You’re probably thinking, since I stated I can’t stand either looking at myself in a video or hearing my recorded voice, “Why do you hate your voice more?” I suppose it’s due to looking at myself in the mirror every day and being used to seeing myself that makes me think seeing me in a video (preferably a silent one) is the lesser of the two evils. I’m not the best looking male in the world (far from it, in fact), but knowing that how I look is as good as it’s going to get, and knowing at least some in the world will accept that reality, allows me at least a little bit of visual confidence.
Which brings me back to my recent video performance as Allison.
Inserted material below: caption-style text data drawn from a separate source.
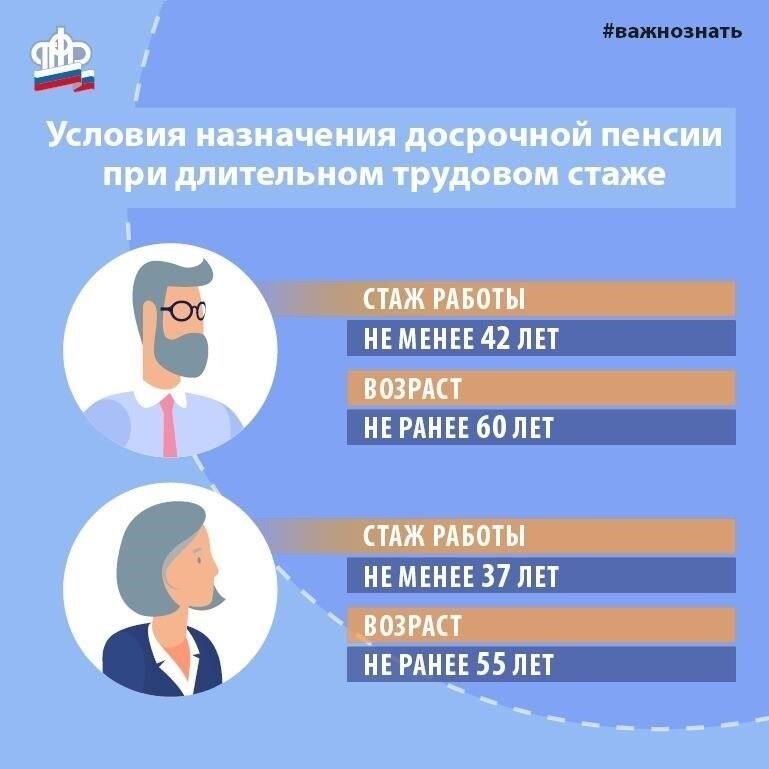 Как перерывы в работе влияют на стаж для целей пенсионного обеспечения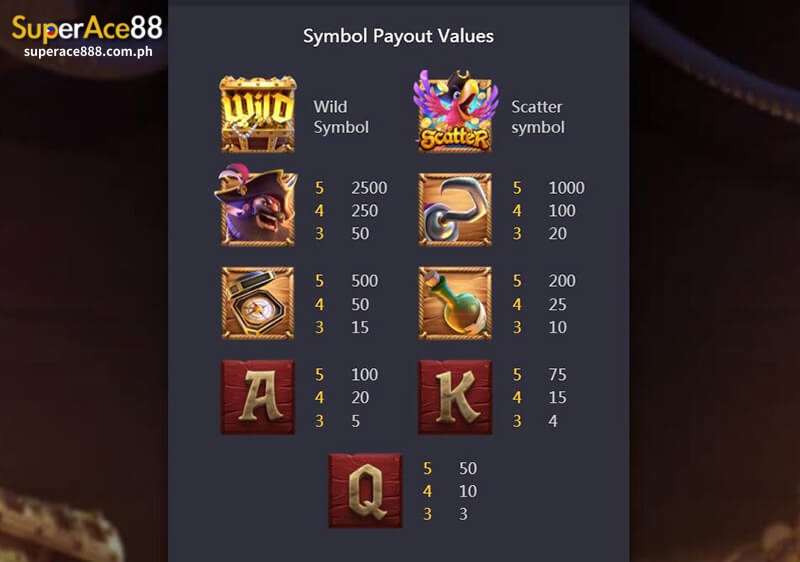 Captains Bounty PG Symbols and Payouts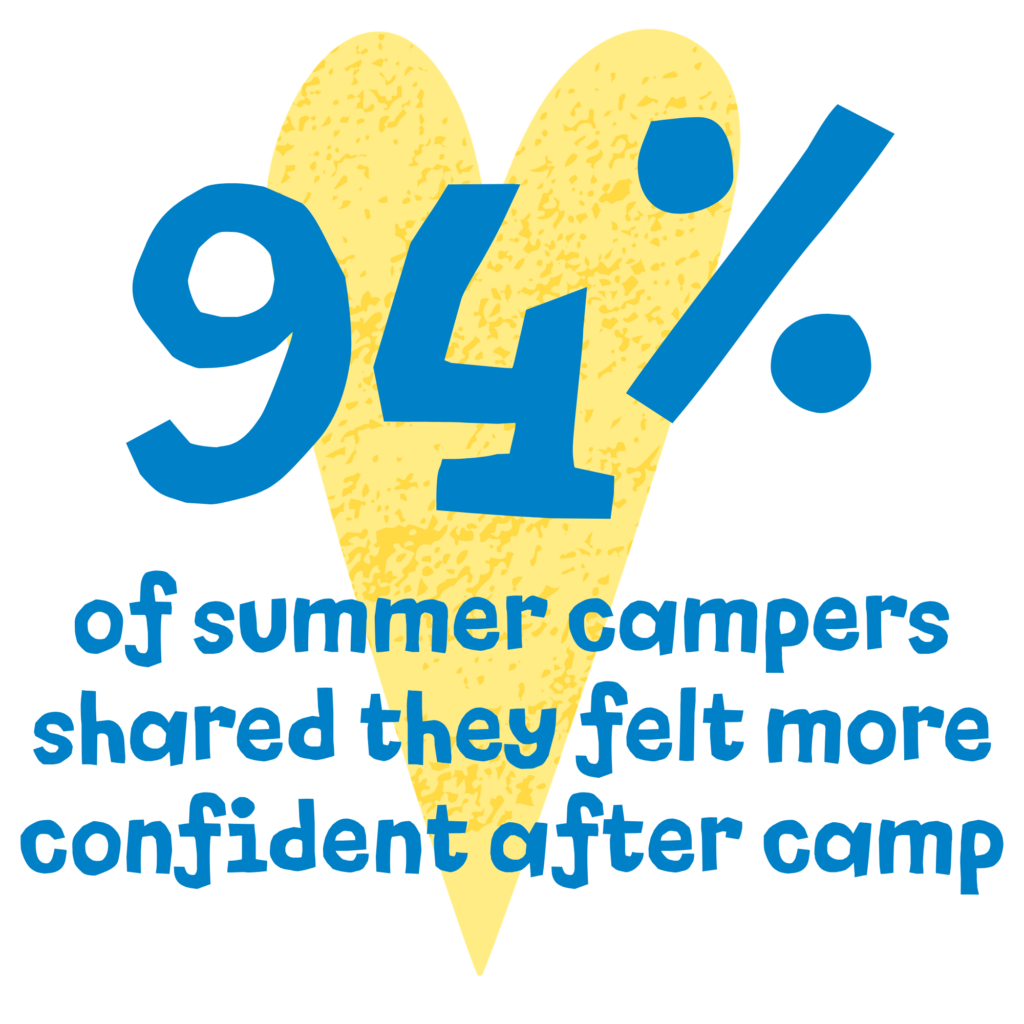 94% of summer campers shared they felt more confident after camp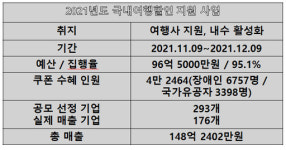[2022 국정감사] 여행업 살릴 마중물이 영세 여행사에게 그림의 떡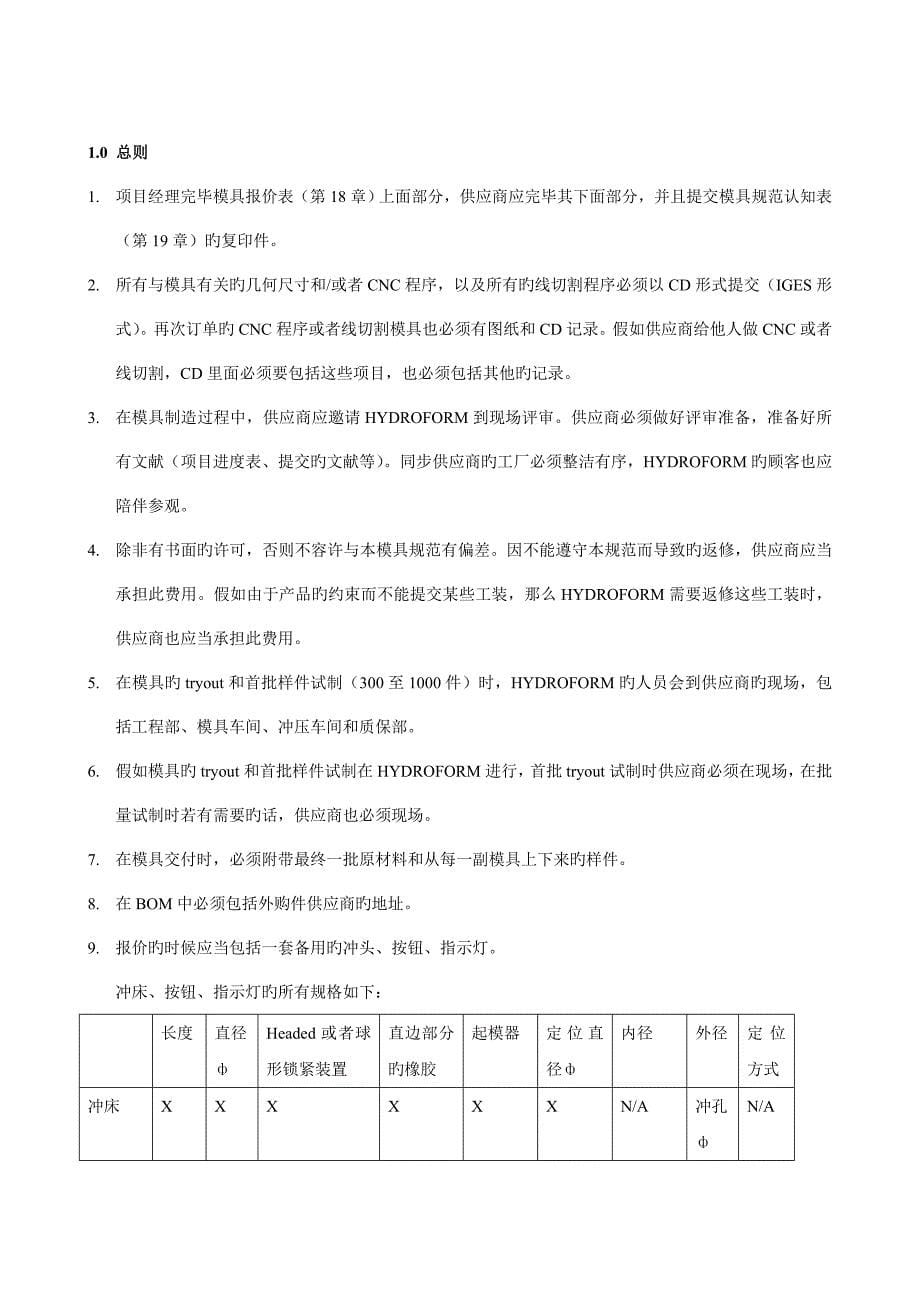 液压成形模具规范_第5页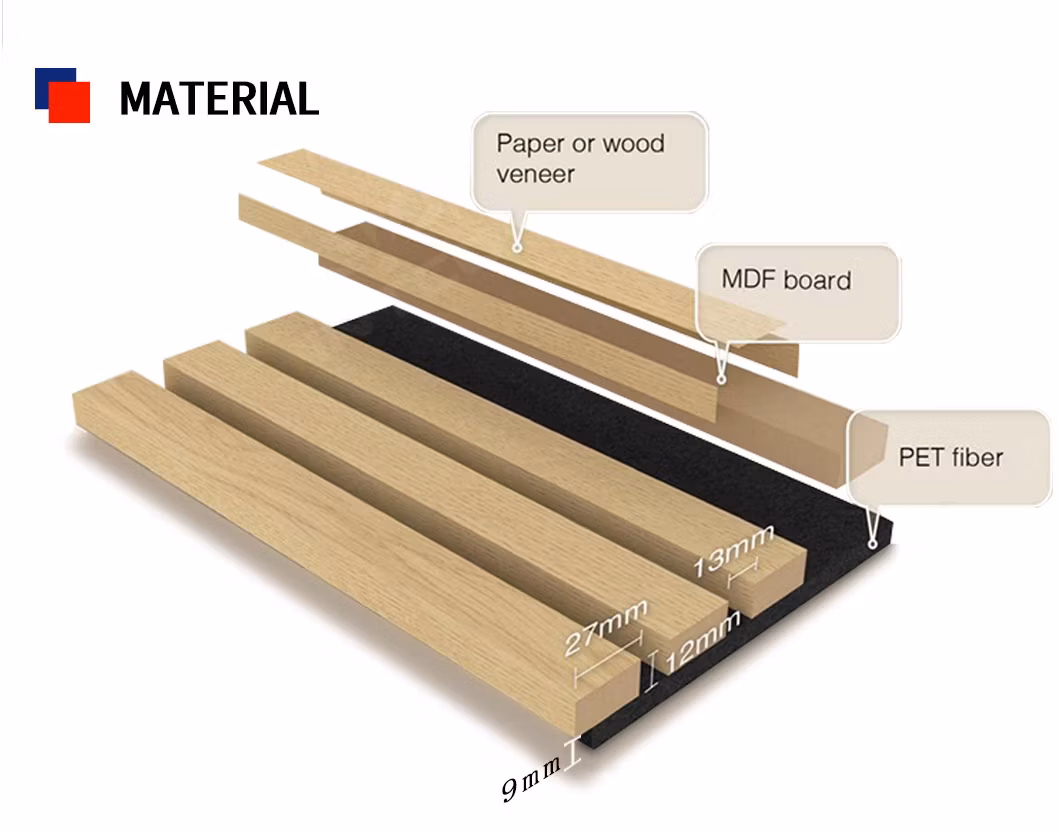 Effective Sound Isolation Innovative Design Sound Barrier Pet Acoustic Panels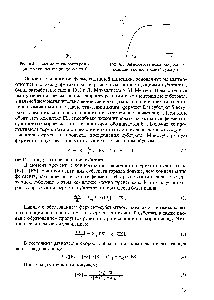 Рис. 6.5. <a href="/info/1222257">Зависимость между скоростью</a> реакции и концентрацией субстрата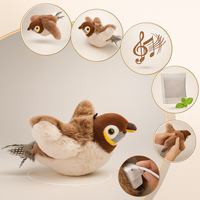 Flapping Wings Sparrow Toy™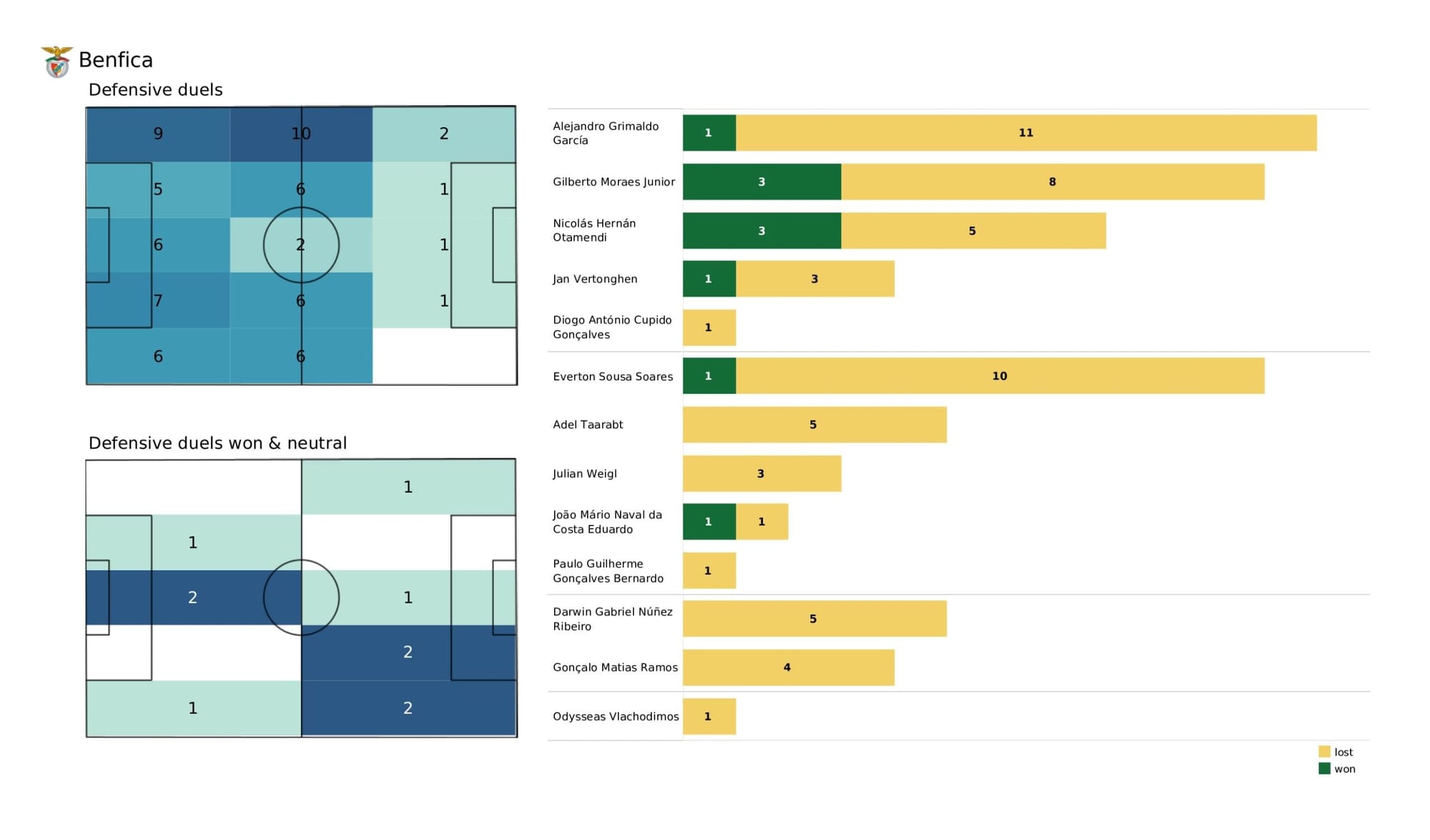 UEFA Champions League 2021/22: Liverpool vs Benfica - data viz, stats and insights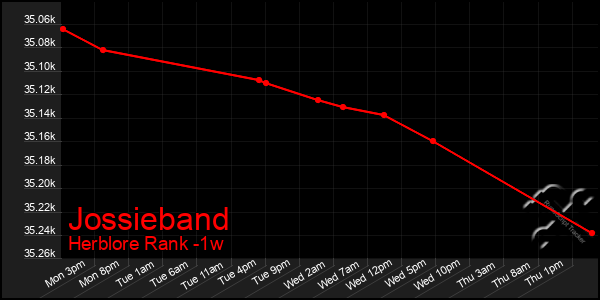 Last 7 Days Graph of Jossieband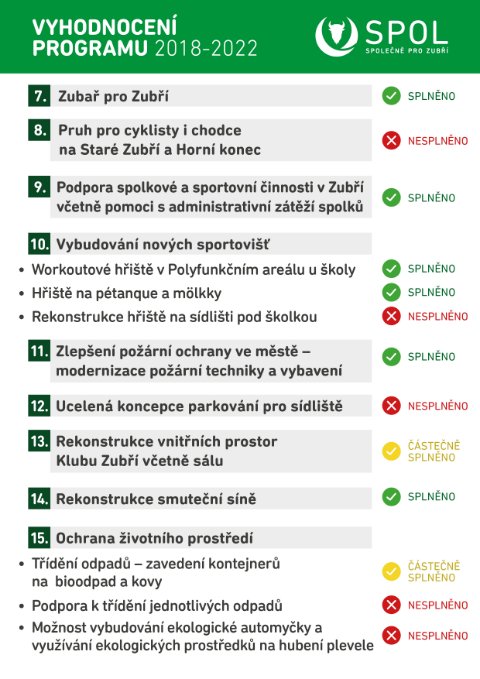 Vyhodnocení programu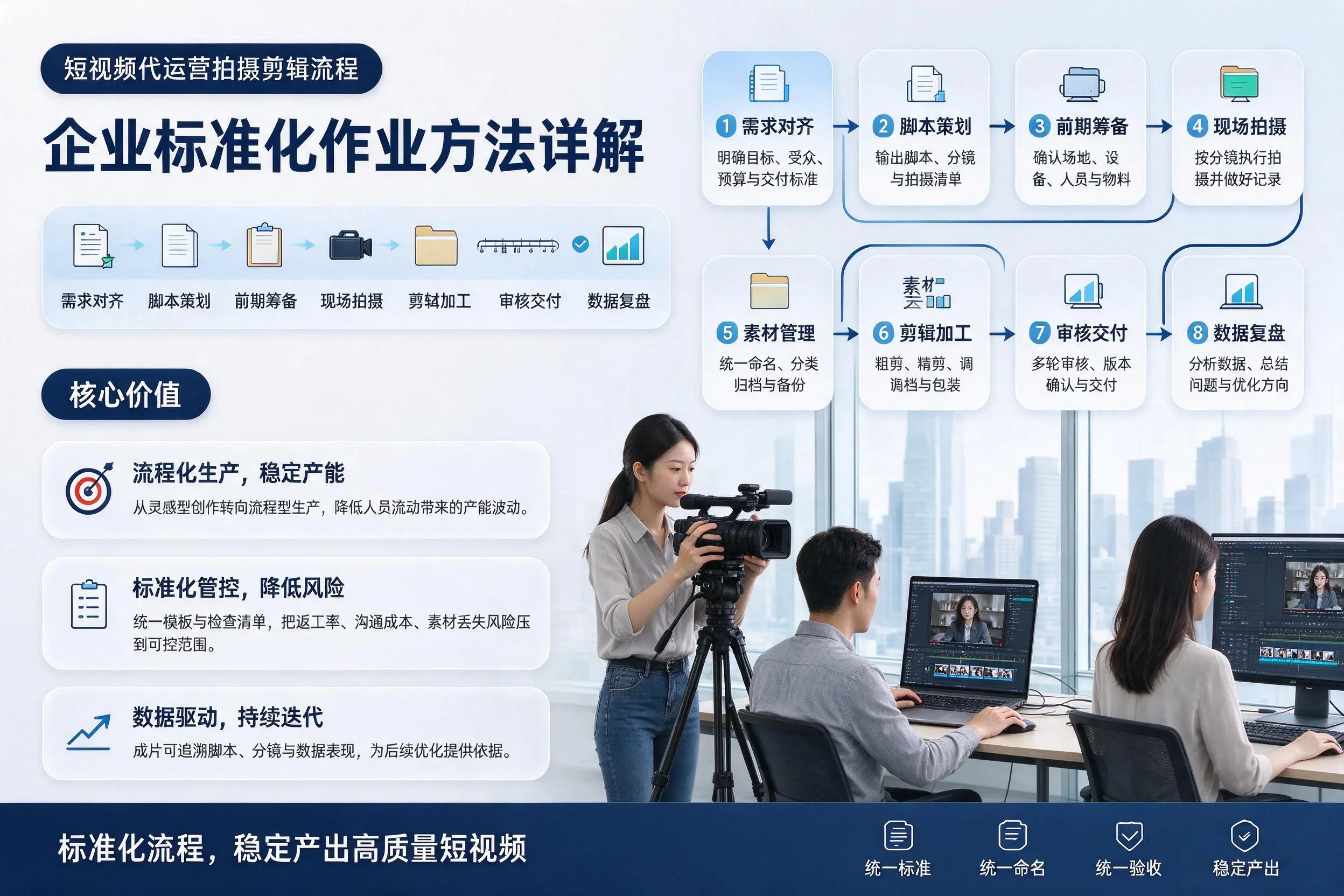 短视频代运营拍摄剪辑流程:汕头企业标准化作业方法详解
I knew going in that I had a not-very-demanding audience (i.e. anyone who would come across the video). I also knew that my feminine voice would not be perfect, and that my Wisconsin accent would be noticeable. Still, the end result, while not perfect, didn’t make me squirm as much as if I was recording the video as Male Mode Me. I tend to think it has to do with the whole Clark Kent/Supergirl setup I have in my life: Male Mode Me is a shy klutz, but I have at least a little bit more self-confidence presenting as Allison. Also, that video was the end result of several tries, as I indicated in my accompanying blog post. Having several opportunities to get the video just right before posting certainly helped my comfort level.
So, to sum up: I’m not in love with either my moving image or my recorded voice, especially when I’m plain ol’ Male Mode Me. As Allison, however, I’ve found I do have a little more of a comfort level on both. Of course, that’s just based on one video as Allison. Will this prompt me to record more videos as Allison in the future? Well… perhaps, but that doesn’t mean I’m going to rent out a video crew and churn out one YouTube entry after another. For now, I’ll be satisfied with what I just posted (even though it may not have been Oscar-winning caliber) and think of what to improve on in the future. Whatever the result may be, I hope Allison’s video presentation skills can rub off on Male Mode Me.